Hugh Barrett left school in 1933, just before his 16th birthday, to become a farm pupil on a thousand-acre estate in east Suffolk. He told the story of that pupillage in what Ronald Blythe calls "the excellent Early to Rise". Providing a first-hand account of agricultural life in the days before the tractor replaced the horse, the book was first published in 1967 and has recently been reissued in a new edition.

His second volume of autobiography, A Good Living, appeared last year. It covers his years as a professional farmer, from the tough times of the middle Thirties to the rather less tough, if infernally busy, post-war years.

Hugh Barrett was born in Colchester in 1917, "conceived almost certainly", he said, "during a short period when Father was between sentences". Cecil Barrett, a deeply Christian pacifist brought up in the Nonconformist tradition who in his maturer years became a Quaker, and was by trade a builder, was a conscientious objector from 1914. He was "cat-and-moused" till the First World War ended, sentenced to six months for "desertion" and then, on expiry of sentence, arrested, tried and sentenced again for the same offence. His business was ruined, and his wife had a very hard time keeping her boys in any kind of comfort.

Hugh's eldest brother, Alec, 15 years his senior, became a very successful headmaster of local education authority schools in Hertfordshire; the second, Connor, a sculptor. Closer to Hugh was his younger brother, the painter Roderic Barrett, who died last year. Both went to St Christopher's School in Letchworth, where they seem to have begun to blossom. Roderic was now allowed to draw and paint as much as he wished to; Hugh spent a huge amount of time in the school library.

After his years as a farm pupil, Barrett worked as a farm manager first at Appleacre Farm in west Suffolk and from 1949 at Street Farm, north of Ipswich. At this point Barrett's activities became a good deal more public, and his experiences increasingly exotic. From 1953 he built a serious reputation as a broadcaster and scriptwriter, mostly on agricultural subjects, for BBC home and overseas services.

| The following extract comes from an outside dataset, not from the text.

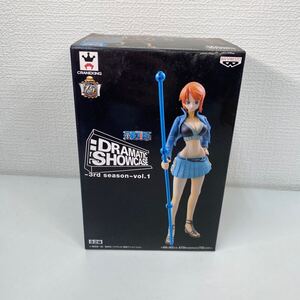 1円〜 1S ONE PIECE フィギュア プライズ DRAMATIC SHOWCASE 〜3rd season〜 vol.1 NAMI ナミ ワンピース 景品 非売品 UFOキャッチャー 41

He became a regular broadcaster for On Your Farm on Radio 4 and then presenter of the World Service's weekly The Farming Programme. By the early 1960s, he was also presenting the BBC's early evening regional news television programme from Norwich. His appeal to programme makers and audiences alike was his wide general knowledge, precise yet evocative use of language, unflappability and, particularly on radio, his distinctive voice. At a Royal Show he was talking to a colleague, when he was approached by a passer-by: "You must be Hugh Barrett. We've never met but I'm a ranch manager in Guyana and listen to your programme every week. I'd know your voice anywhere!"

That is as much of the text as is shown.